Brief
All lines below must be repeated exactly, with the pictures omitted.

Items from a data source:
* * *
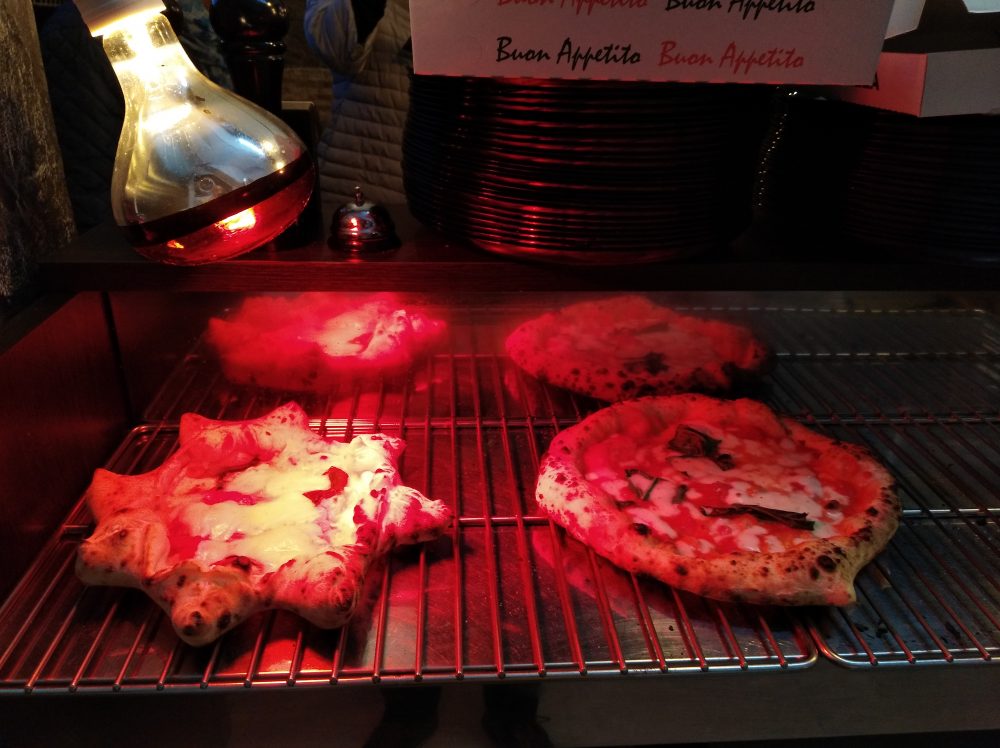 Pizzeria Lievita 72 Pizze sotto la lampada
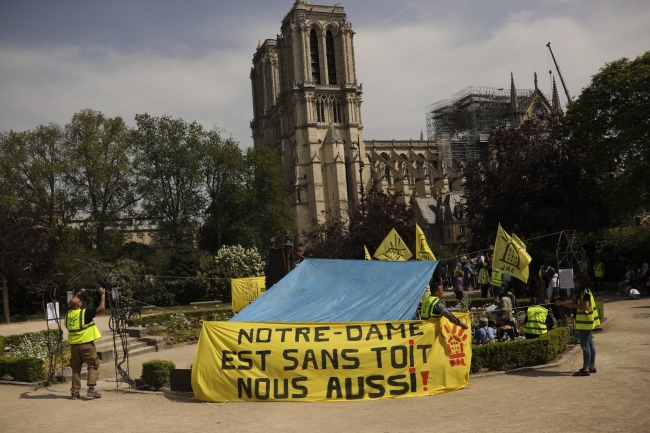 Notre Dame dışındaki evsizlerin isyanı: Bizim de çatıya ihtiyacımız var
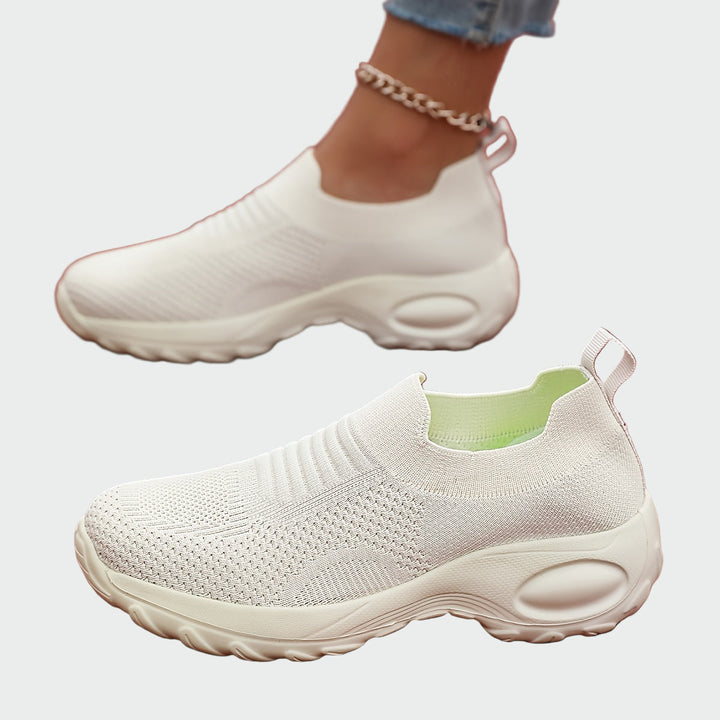 Klassiska sneakers i vardaglig stil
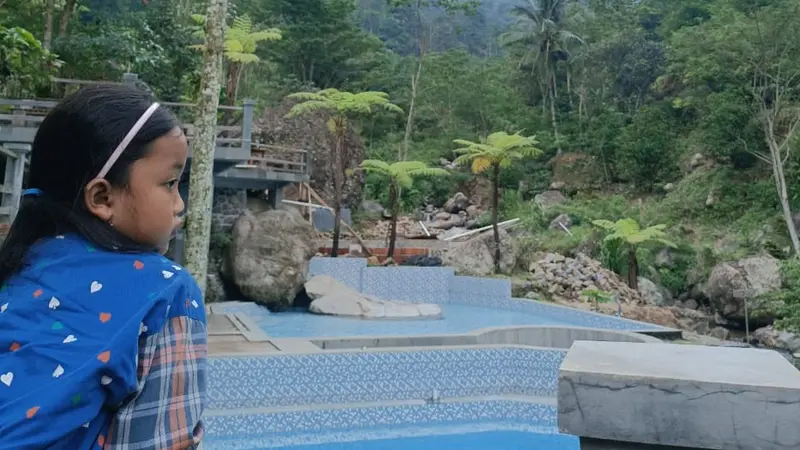 Tak hanya nyaman bagi anak-anak, harga tiket masuk pengunjung di 5 waterpark di Kudus terjangkau, instagramable, airnya masih alami, jernih dan bersih.(Liputan6.com/Arief Pramono)
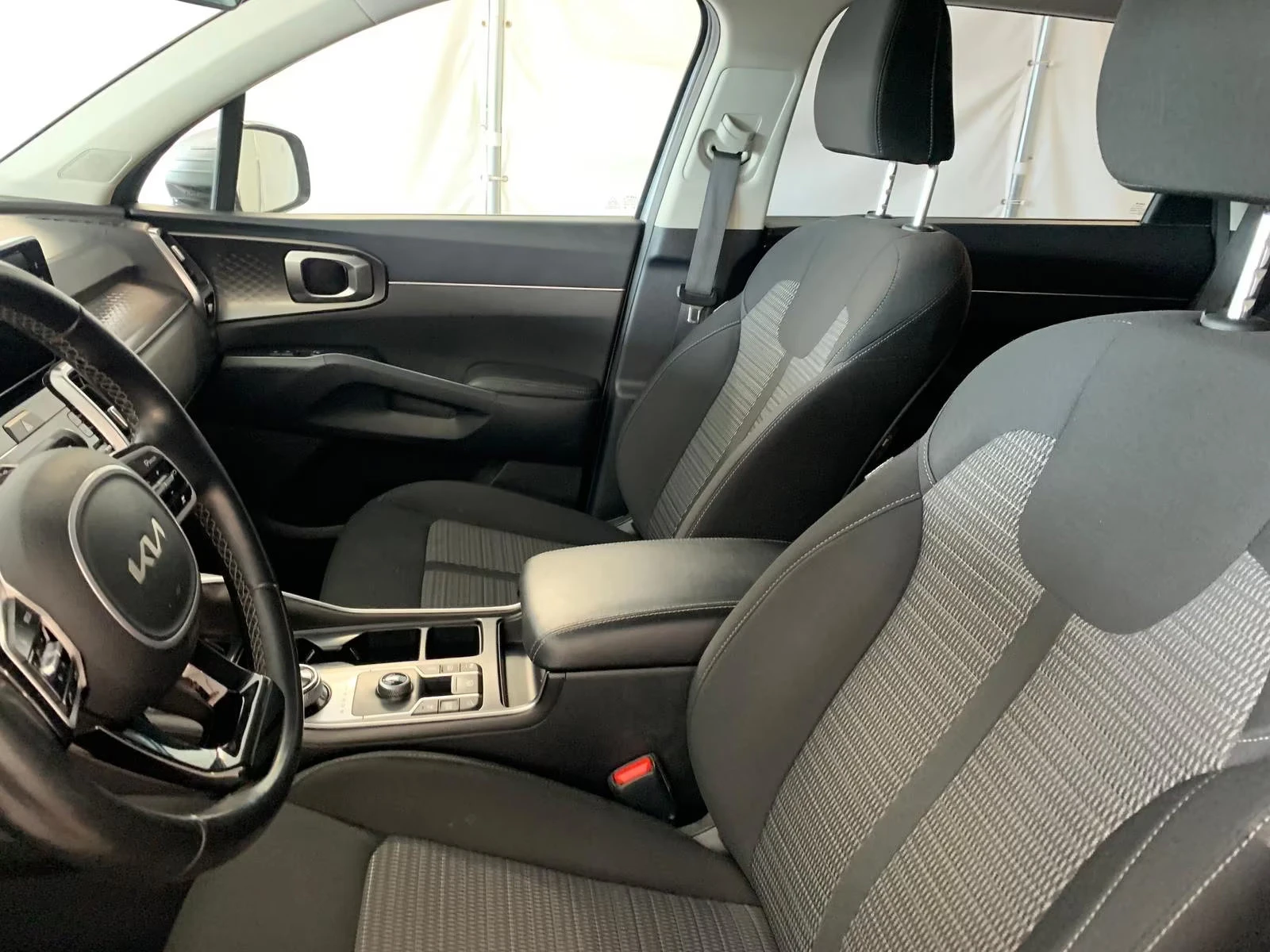 Kia Sorento VISION/201HP/ACC/CAM/AHK/CPLAY/LED/597q, снимка 5 - Автомобили и джипове - 55665789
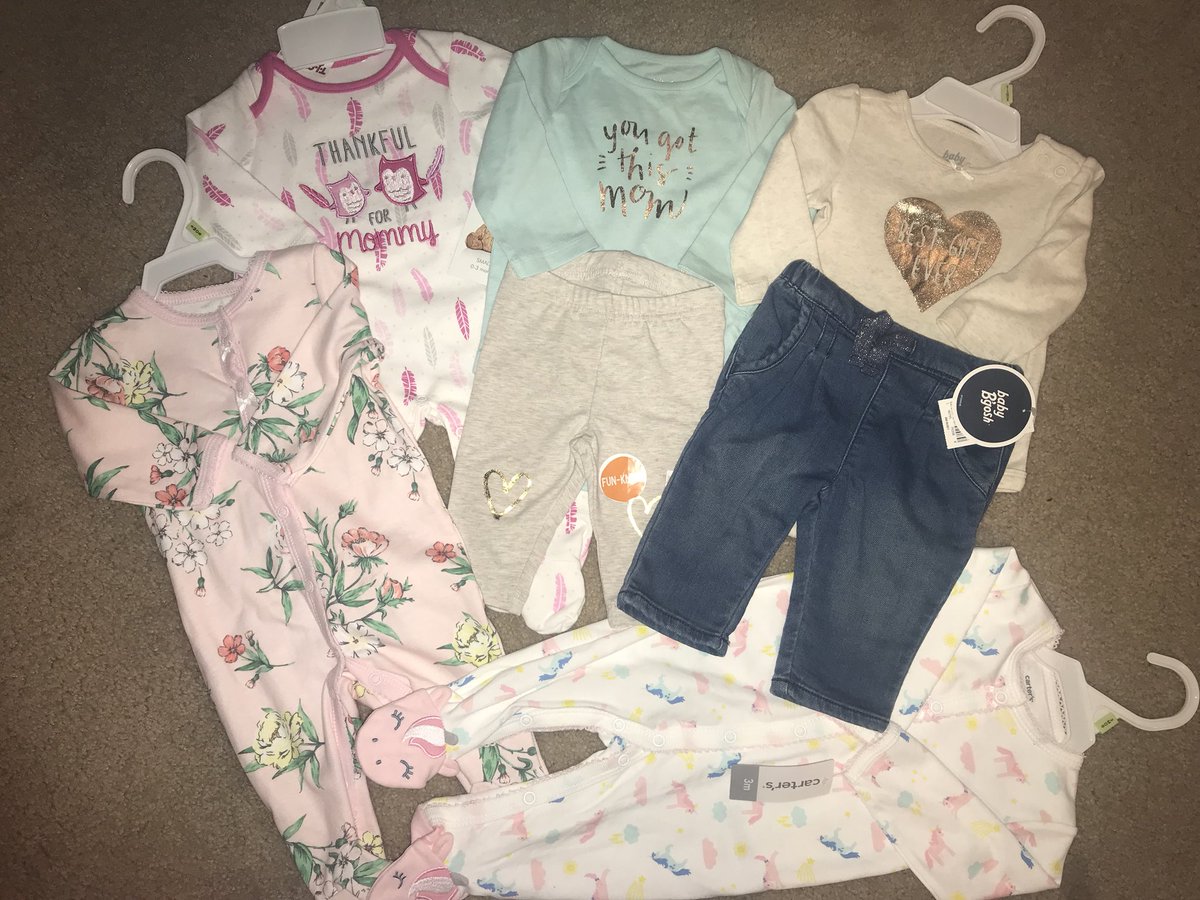allclairee's tweet photo. My ahijada’s mom is an inspirational woman, so I was extra thoughtful for her Christmas present 💗 #shedontgotatwitter #ourlilsecret https://t.co/g6iXLe29iO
* * *
Result
 Pizzeria Lievita 72 Pizze sotto la lampada
 Notre Dame dışındaki evsizlerin isyanı: Bizim de çatıya ihtiyacımız var
 Klassiska sneakers i vardaglig stil
 Tak hanya nyaman bagi anak-anak, harga tiket masuk pengunjung di 5 waterpark di Kudus terjangkau, instagramable, airnya masih alami, jernih dan bersih.(Liputan6.com/Arief Pramono)
 Kia Sorento VISION/201HP/ACC/CAM/AHK/CPLAY/LED/597q, снимка 5 - Автомобили и джипове - 55665789
allclairee's tweet photo. My ahijada’s mom is an inspirational woman, so I was extra thoughtful for her Christmas present 💗 #shedontgotatwitter #ourlilsecret https://t.co/g6iXLe29iO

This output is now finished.